Books Of Oa: Blackest Night Black Lantern Corps Volume One

Blackest Night Black Lantern Corps Volume One (DC)
Written by Peter J. Tomasi, James Robinson & J.T.Krul, drawn by Ardian Syaf, Eddy Barrows, Allan Goldman & Ed Benes
Collects Blackest Night: Batman #1-3, Blackest Night: Superman #1-3 & Blackest Night: Titans #1-3

After putting quite a distance between re-reading the three main Blackest Night collections, I finally went back to check out the Blackest Night miniseries’ collected in the pages of this trade. The reason I skipped it back then was because, first off, I had just read a TON of Green Lantern comics and wanted a break, but I also didn’t really have fond memories of these tie-ins from when they originally came out.
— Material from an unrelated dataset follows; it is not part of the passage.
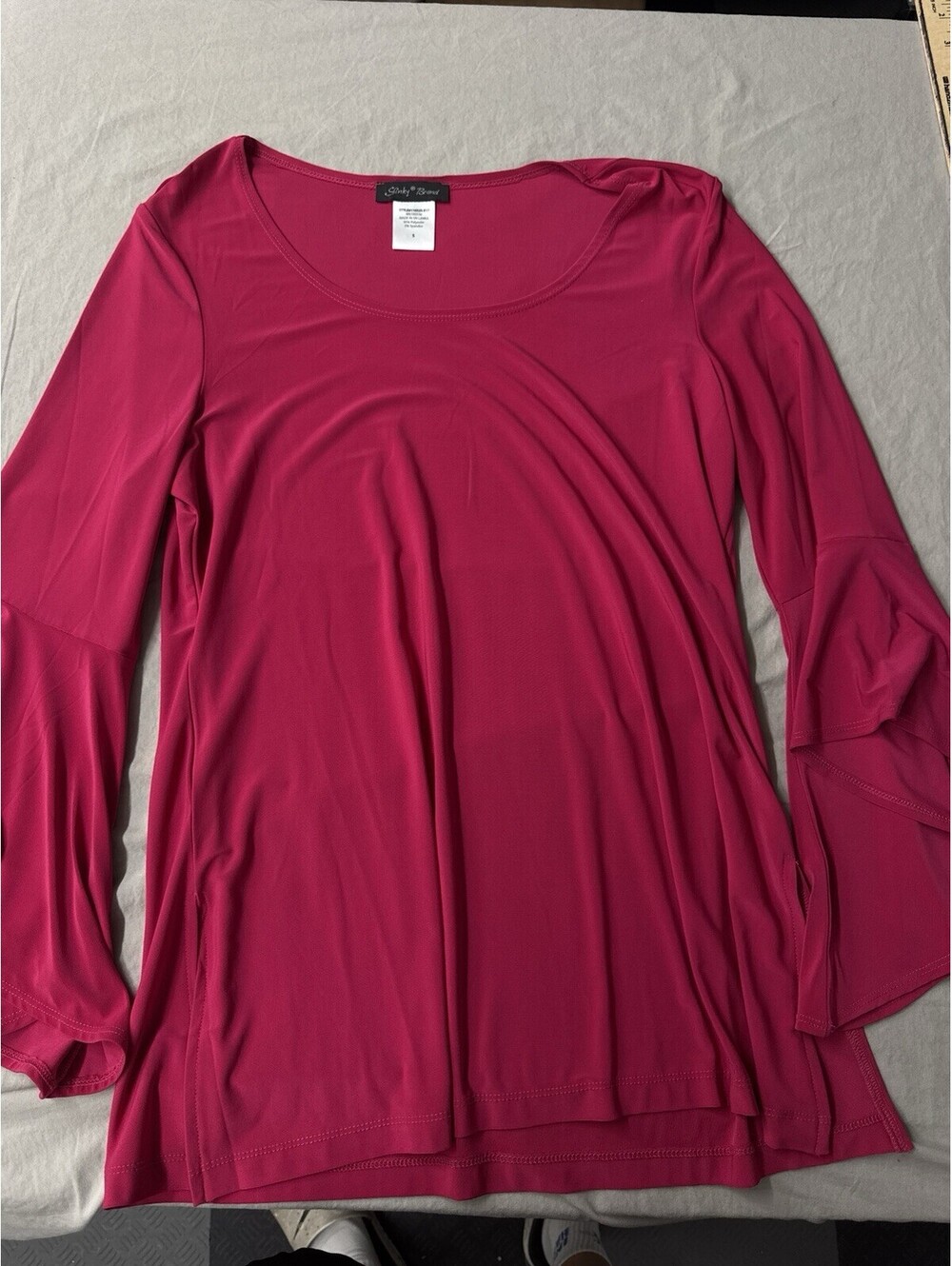 Slinky Brand Red Short Ruffle Sleeve Scoop Neck Blouse S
I was less critical this time around, but I think a big part of that is that I got this trade in a Swap. I think there’s a big factor that comes in to play when you pay for something and how you wind up feeling about it. I’m more forgiving when I get something for free or super cheap.

Anyway, this book collects three BN minis that basically zero in on specific groups of characters as they experience the Black Lanterns using their dead loved ones against them basically instead of doing in-series tie-ins. This makes sense when you remember that Grant Morrison was doing his Batman thing, the whole New Krypton thing was happening in the many, many Superman books and, well, I have no recollection of what was going on with Titans, that book got BAD.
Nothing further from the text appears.